Work to be completed ->
Please restate exactly the lines from the one holding "#portugal_gems #casca" to the end of the material, including both ends and excluding every picture.

□ □ □ □ □ □ □

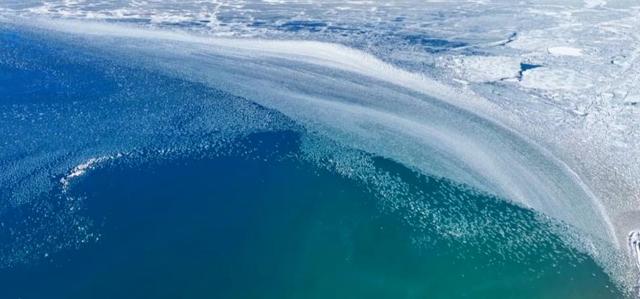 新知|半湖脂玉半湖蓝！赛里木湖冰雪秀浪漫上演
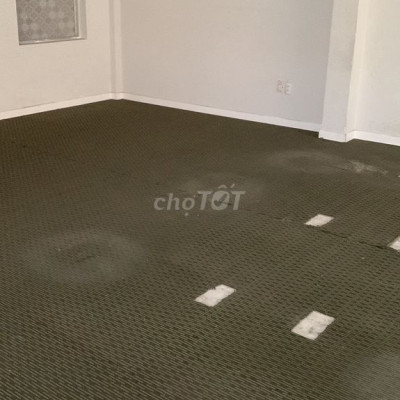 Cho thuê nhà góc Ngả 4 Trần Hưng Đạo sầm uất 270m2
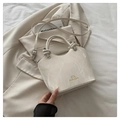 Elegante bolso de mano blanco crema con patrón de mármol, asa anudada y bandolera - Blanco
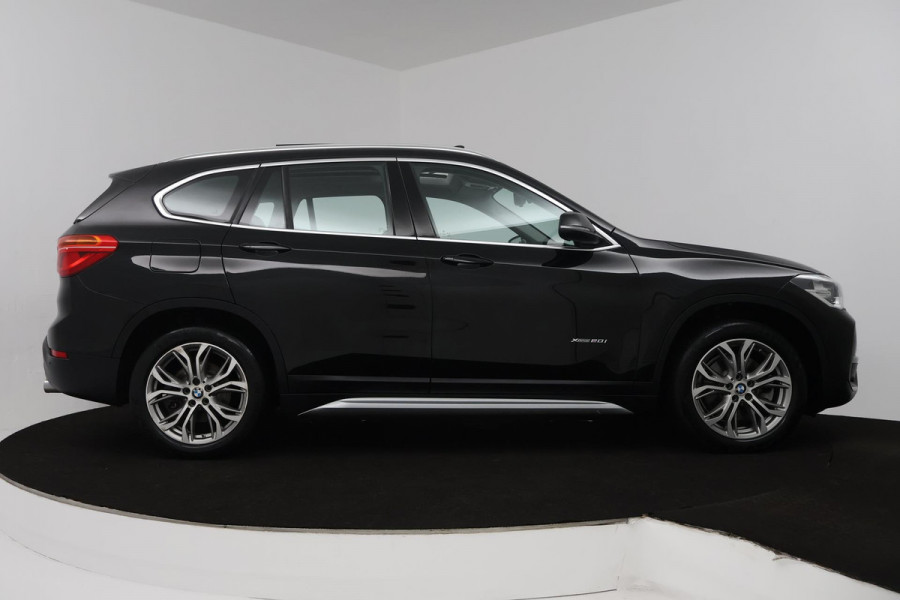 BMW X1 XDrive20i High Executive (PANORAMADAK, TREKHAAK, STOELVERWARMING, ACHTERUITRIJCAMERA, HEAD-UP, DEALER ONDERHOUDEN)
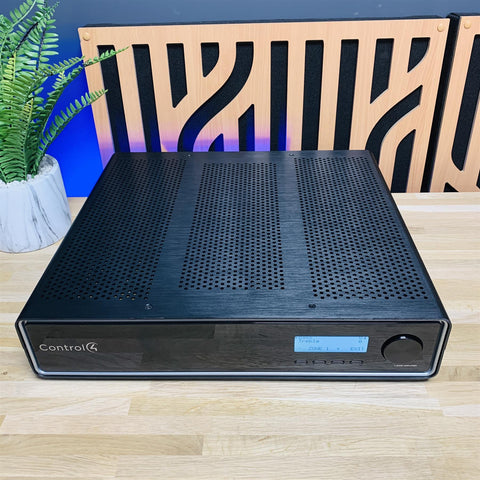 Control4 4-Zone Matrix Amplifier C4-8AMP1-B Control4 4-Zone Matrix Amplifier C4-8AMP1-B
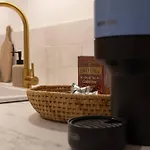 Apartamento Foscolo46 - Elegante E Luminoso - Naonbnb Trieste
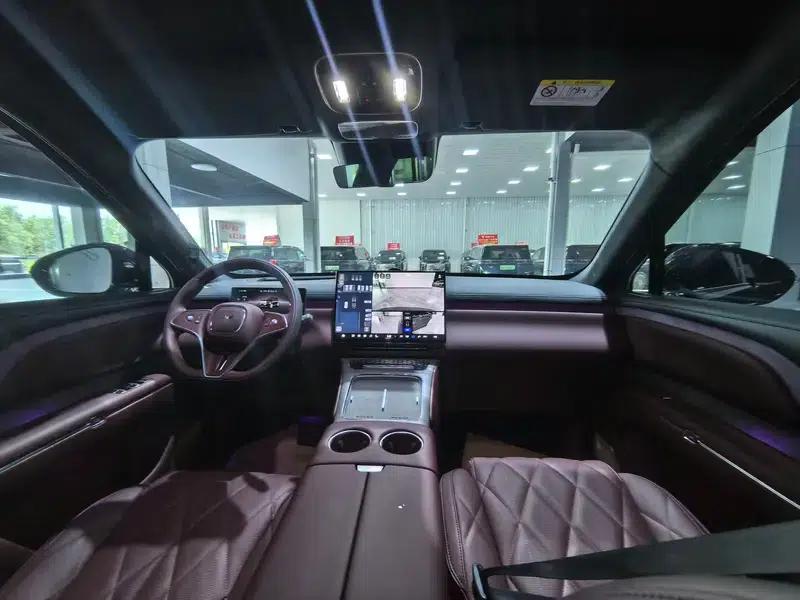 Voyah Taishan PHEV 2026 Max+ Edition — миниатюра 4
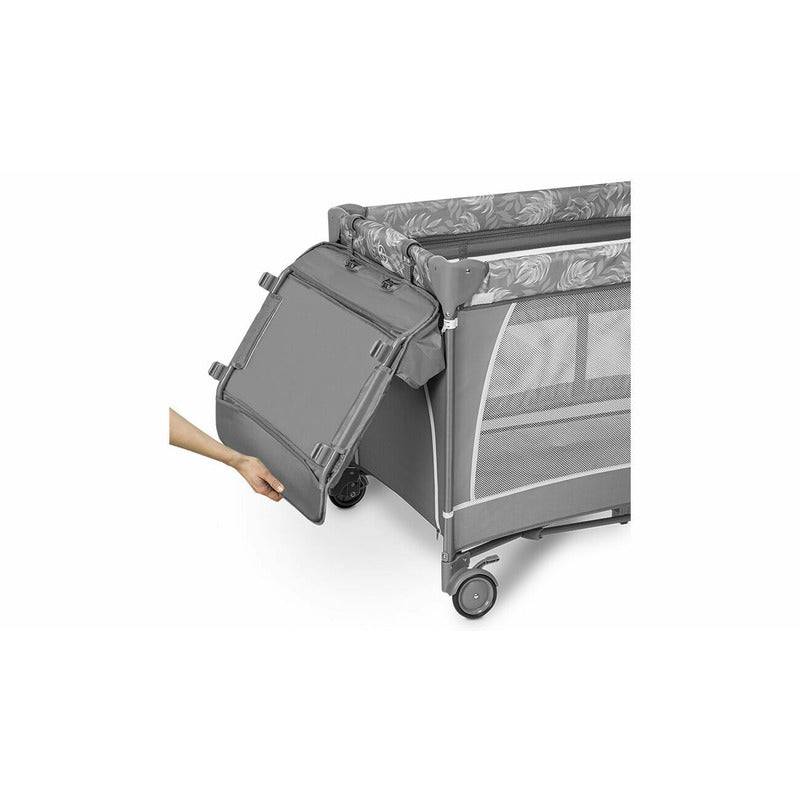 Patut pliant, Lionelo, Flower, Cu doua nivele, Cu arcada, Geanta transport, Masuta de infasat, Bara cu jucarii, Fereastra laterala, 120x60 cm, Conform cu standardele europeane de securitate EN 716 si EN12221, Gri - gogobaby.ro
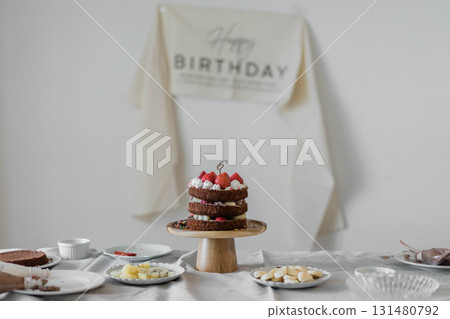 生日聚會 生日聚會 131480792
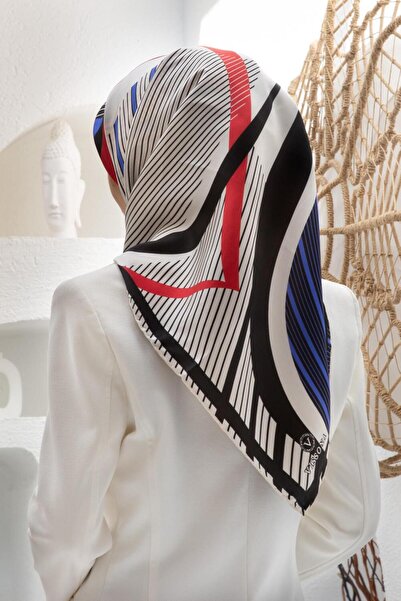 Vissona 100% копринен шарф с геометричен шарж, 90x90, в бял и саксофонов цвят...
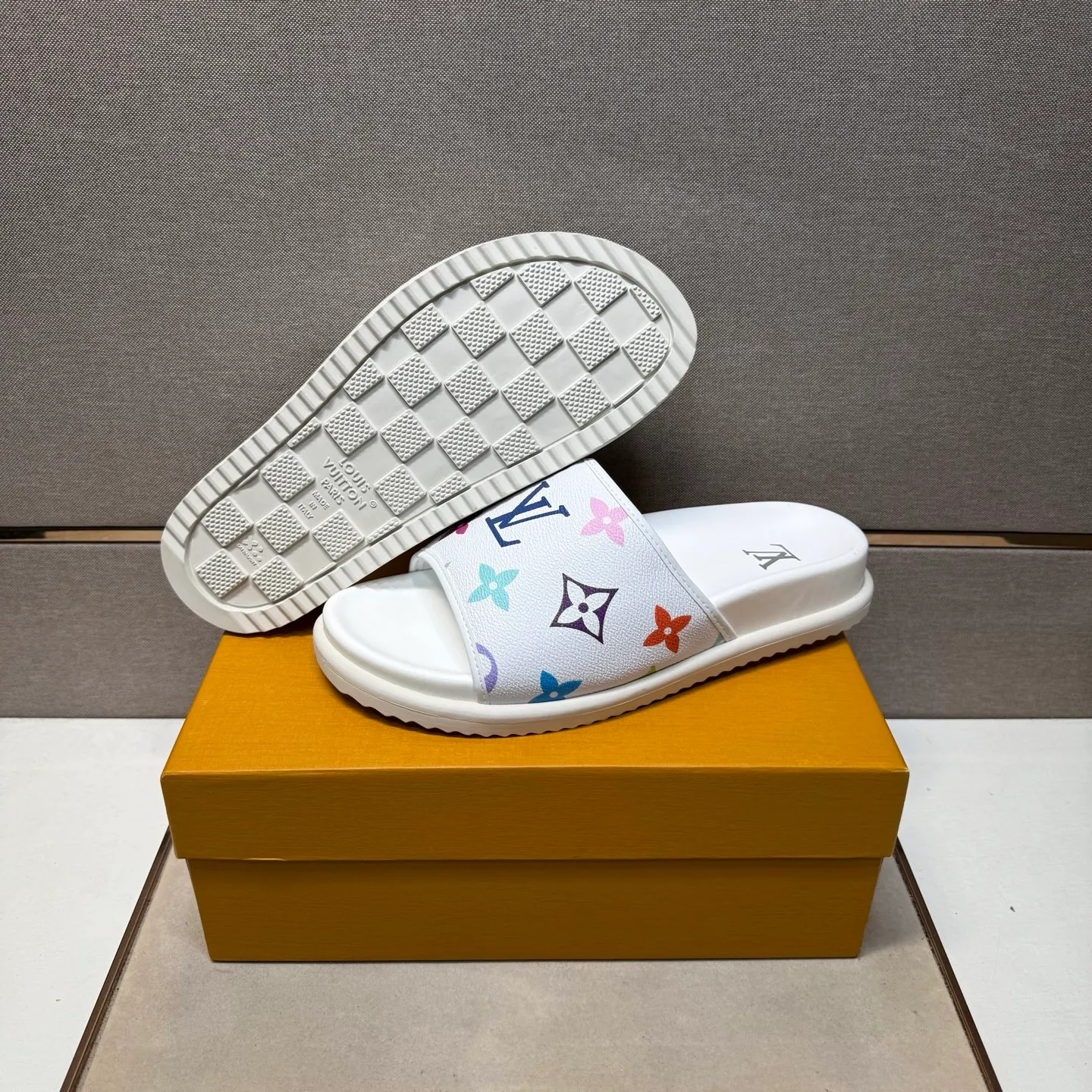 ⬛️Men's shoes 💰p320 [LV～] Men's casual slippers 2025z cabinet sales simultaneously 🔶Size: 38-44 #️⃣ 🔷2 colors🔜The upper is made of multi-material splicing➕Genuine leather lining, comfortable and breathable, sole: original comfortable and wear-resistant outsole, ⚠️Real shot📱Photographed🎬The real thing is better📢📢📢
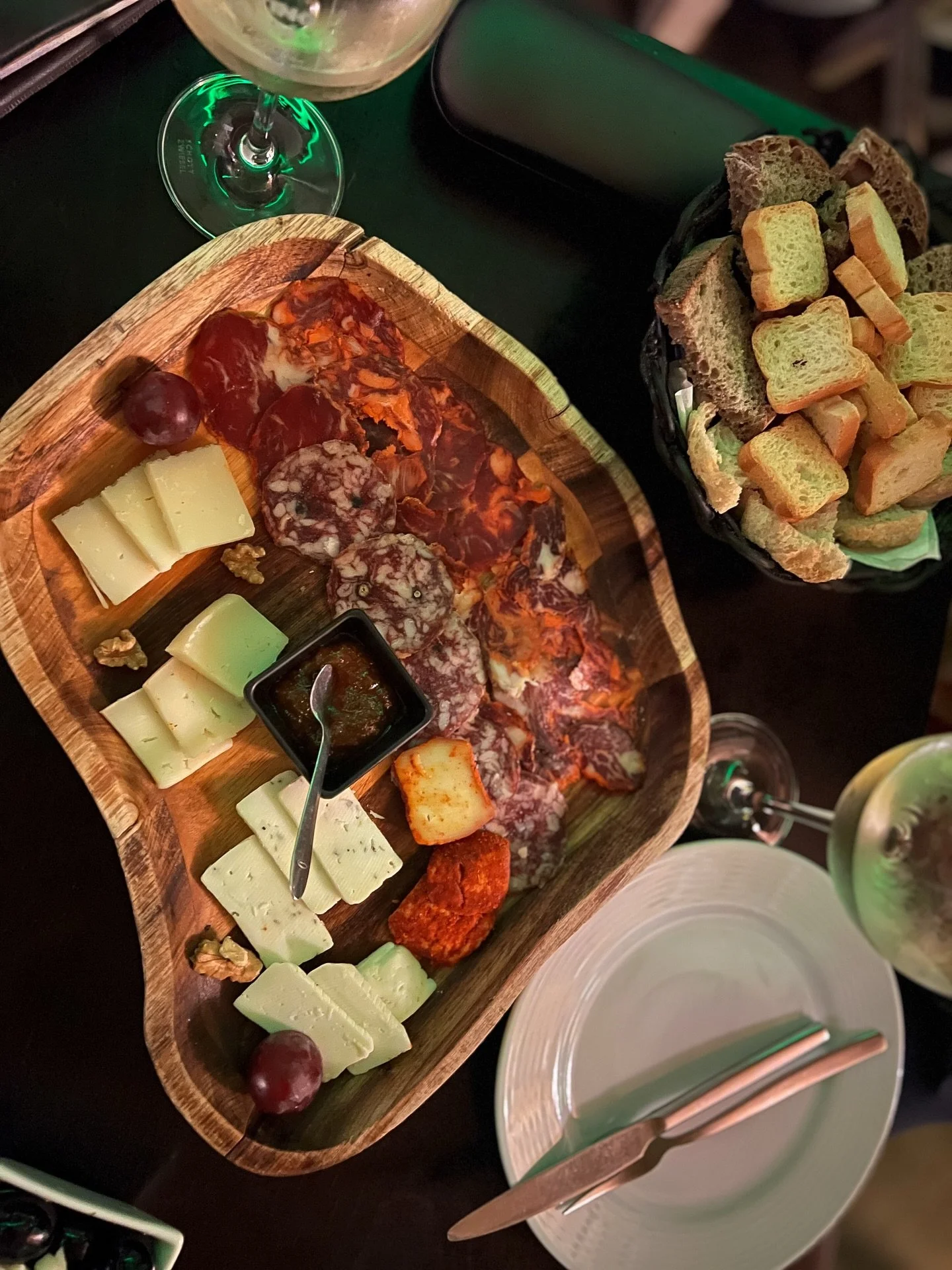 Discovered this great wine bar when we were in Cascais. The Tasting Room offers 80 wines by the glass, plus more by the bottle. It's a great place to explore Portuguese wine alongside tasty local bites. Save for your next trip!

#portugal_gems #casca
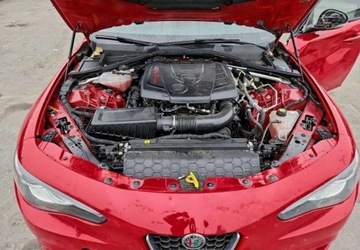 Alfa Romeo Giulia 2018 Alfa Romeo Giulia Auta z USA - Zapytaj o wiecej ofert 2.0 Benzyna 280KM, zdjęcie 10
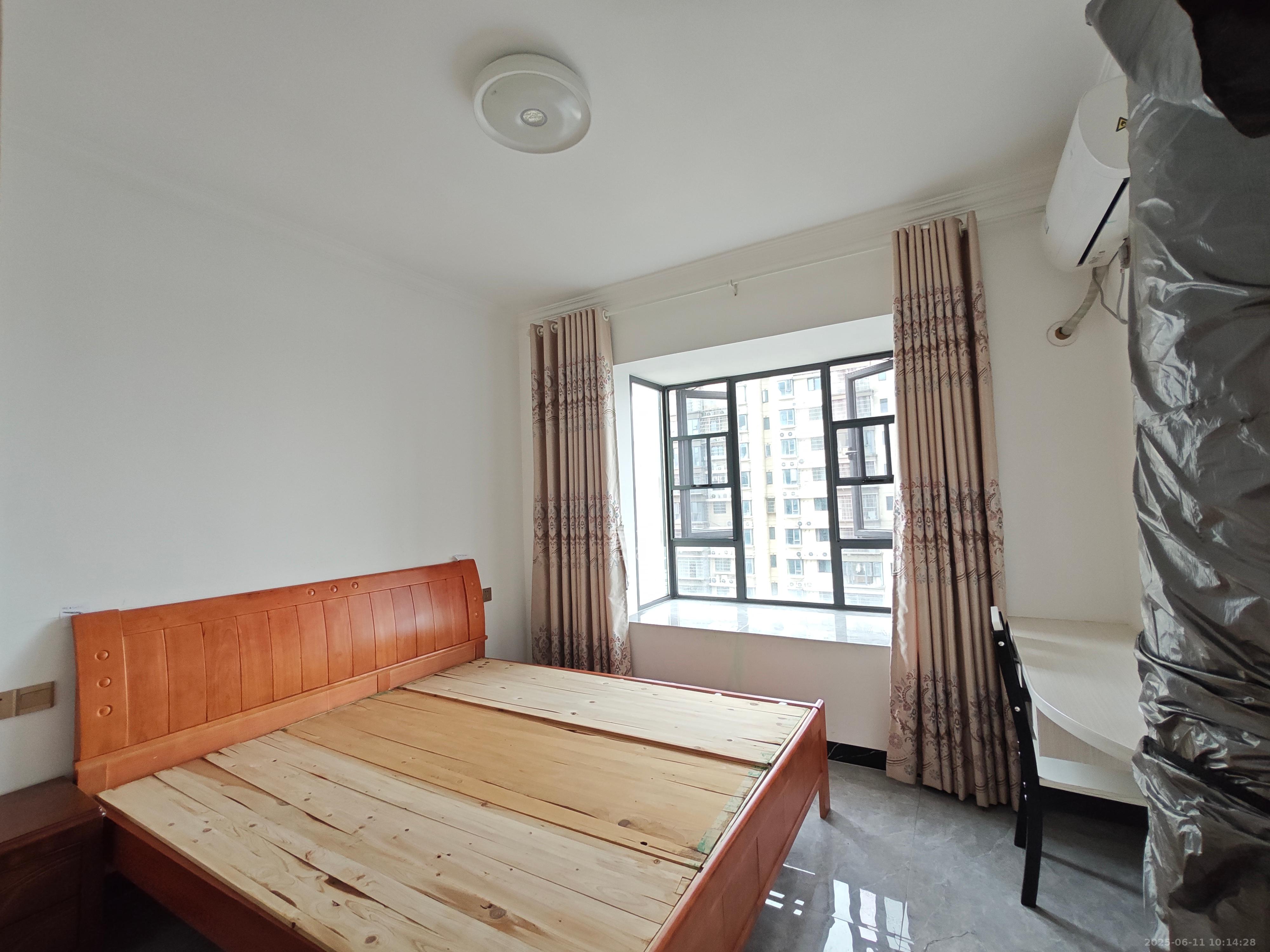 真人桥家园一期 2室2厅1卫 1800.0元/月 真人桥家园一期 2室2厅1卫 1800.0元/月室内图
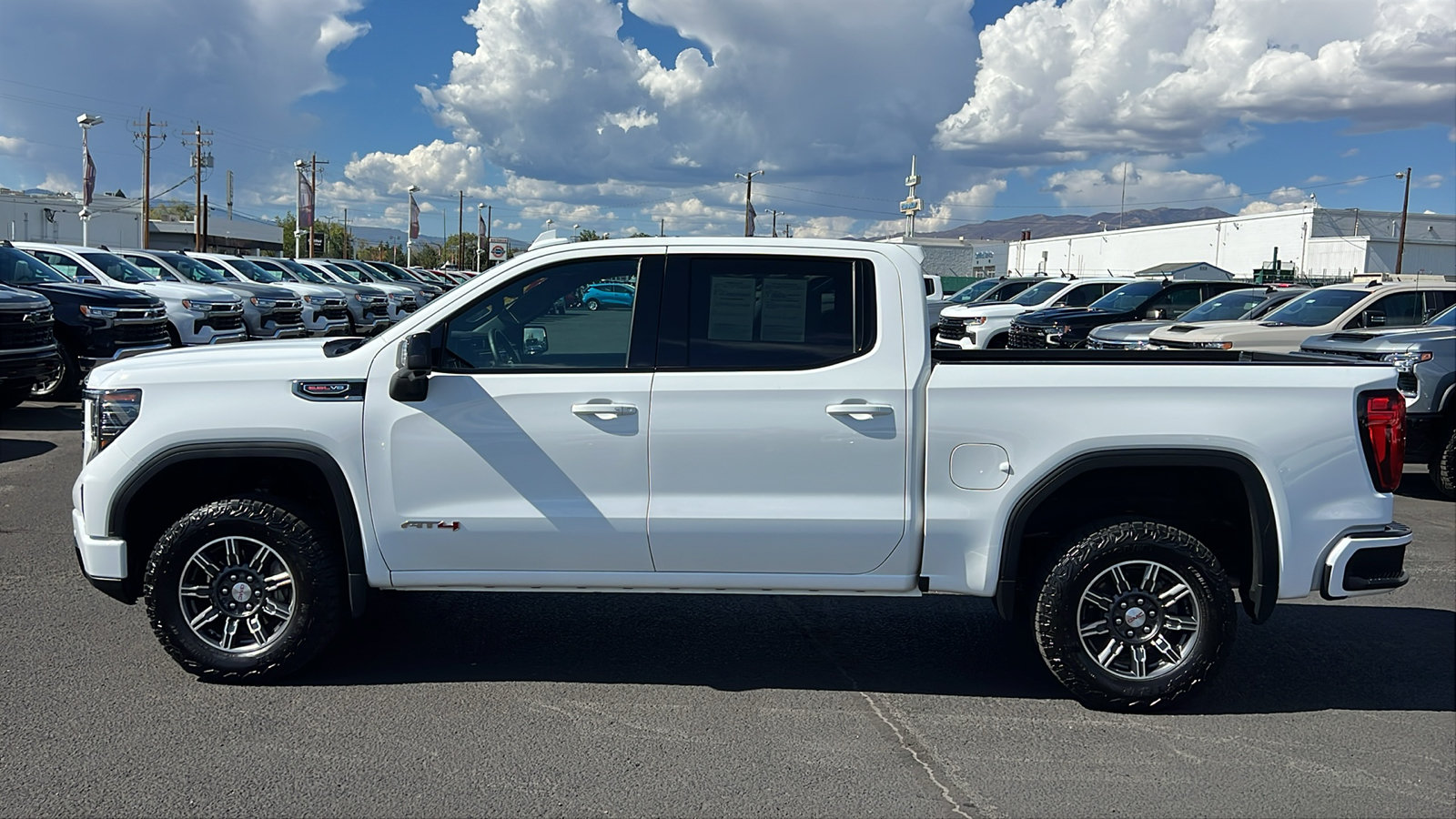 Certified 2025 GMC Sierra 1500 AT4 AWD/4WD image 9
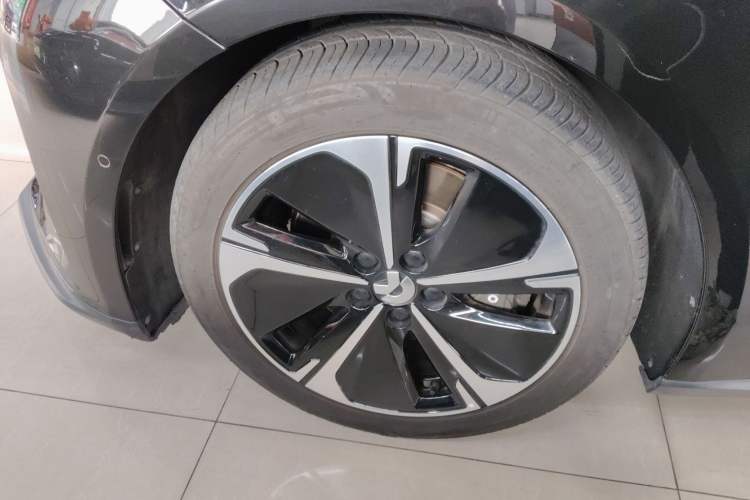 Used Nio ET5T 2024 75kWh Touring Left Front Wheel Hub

□ □ □ □ □ □ □

Final answer ->
#portugal_gems #casca
 Alfa Romeo Giulia 2018 Alfa Romeo Giulia Auta z USA - Zapytaj o wiecej ofert 2.0 Benzyna 280KM, zdjęcie 10
 真人桥家园一期 2室2厅1卫 1800.0元/月 真人桥家园一期 2室2厅1卫 1800.0元/月室内图
 Certified 2025 GMC Sierra 1500 AT4 AWD/4WD image 9
 Used Nio ET5T 2024 75kWh Touring Left Front Wheel Hub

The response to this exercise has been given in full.